Gatunki nawłoci rosnące w naszym kraju to gatunki o wyjątkowej wydajności miodowej. Wydajność miodowa gatunku rodzimego może wynosić zwykle do pięciuset kilogramów na hektar, a pyłkowa wynosi do siedemdziesięciu kilogramów na hektar. Jednak w tej dziedzinie znakomitą rekordzistką jest nawłoć kanadyjska. Nawłoć kanadyjska to gatunek, której wydajność miodowa może wynieść nawet tysiąc kilogramów (tonę) na hektar! Z kolei jej maksymalna wydajność pyłkowa wynosi do stu kilogramów. Tak znakomite wyniki uzyskiwane przez pszczelarzy na obszarach zdominowanych przez nawłoć kanadyjską zachęcają ich do odwiedzania takich miejsc. Jednak nie wszyscy pszczelarze bywają uczciwi i odpowiedzialni. Przyrodnicy od dawna informują za pomocą różnych mediów o niebezpieczeństwie, jakie powodują obce gatunki inwazyjne w ekosystemach. Mimo to nie wszystkie osoby traktują takie apele poważnie. Wciąż wielu nieuczciwych pszczelarzy podsiewa nieużytki nawłocią kanadyjską. Nadal w internecie bez większego problemu można kupić nasiona tej rośliny, aby móc je rozsiać w wybranym przez nas miejscu. Jak podaje Generalna Dyrekcja Ochrony Środowiska, osoba odpowiedzialna za wprowadzenie do środowiska obcych gatunków inwazyjnych stwarzających zagrożenie dla Unii Europejskiej lub dla Polski podlega karze wynoszącej nawet milion złotych! Chociaż nawłoć kanadyjska nie należy do najgroźniejszych gatunków inwazyjnych, to jednak istnieje szereg powodów, dla których należy zmniejszać obszary jej występowania, jak na przykład jej zdolność do dominowania ogromnych terenów i jej wpływ na rodzime gatunki roślin.
Miód nawłociowy
Czy warto zatem kupować miód nawłociowy? Odpowiedź na to pytanie nie jest jednoznaczna. W ostatnich latach miód nawłociowy jest niezwykle popularny i przedstawiany jako panaceum na wszelkie dolegliwości zdrowotne. Pszczelarze chętnie wybierają pożytki nawłociowe, ponieważ jest to jeden z najwydajniejszych sposobów na uzyskanie dużej ilości miodu, a także jest to jeden z najpóźniejszych pożytków pszczelich w ciągu roku w naszej szerokości geograficznej.
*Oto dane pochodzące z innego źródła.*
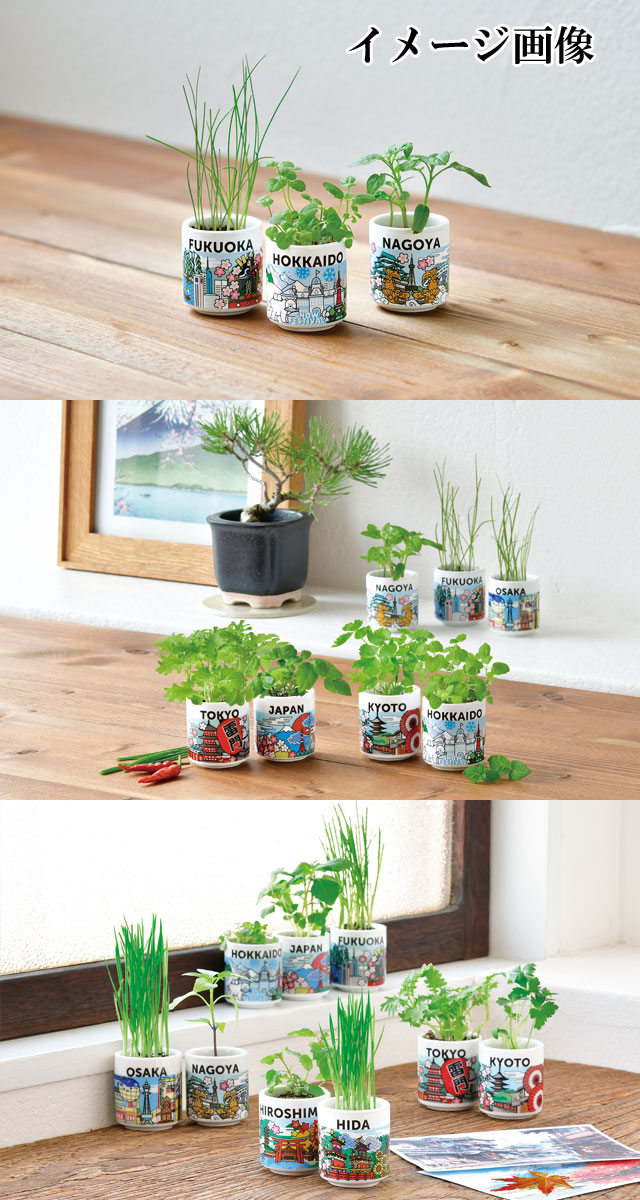 栽培キット お芽でたおちょこ JAPAN しそ わさび菜 三つ葉 ねぎ 薄荷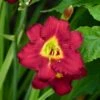 PARDON ME DAYLILY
Miód nawłociowy może mieć wiele zdrowotnych właściwości, jak na przykład wspieranie walki z infekcjami dróg moczowych, sprzyja leczeniu wrzodów żołądka, może wykazywać także działanie wpierające odporność, a także wiele innych właściwości. Pamiętać należy jednak, że miody pochodzące od innych roślin również mogą pomagać przy tych schorzeniach. Jako konsumenci zawsze mamy prawo zapytać, skąd pochodzi miód, jednak poza informacją o tym, czy miód został wyprodukowany w kraju należącym do krajów Unii Europejskiej czy poza nimi nie zawsze jesteśmy w stanie uzyskać pełną odpowiedź. Nie zawsze mamy pewność, czy miód nie powstał w wyniku naginania prawa. Decyzja o wspieraniu producentów miodów opartych na roślinach inwazyjnych należy do nas.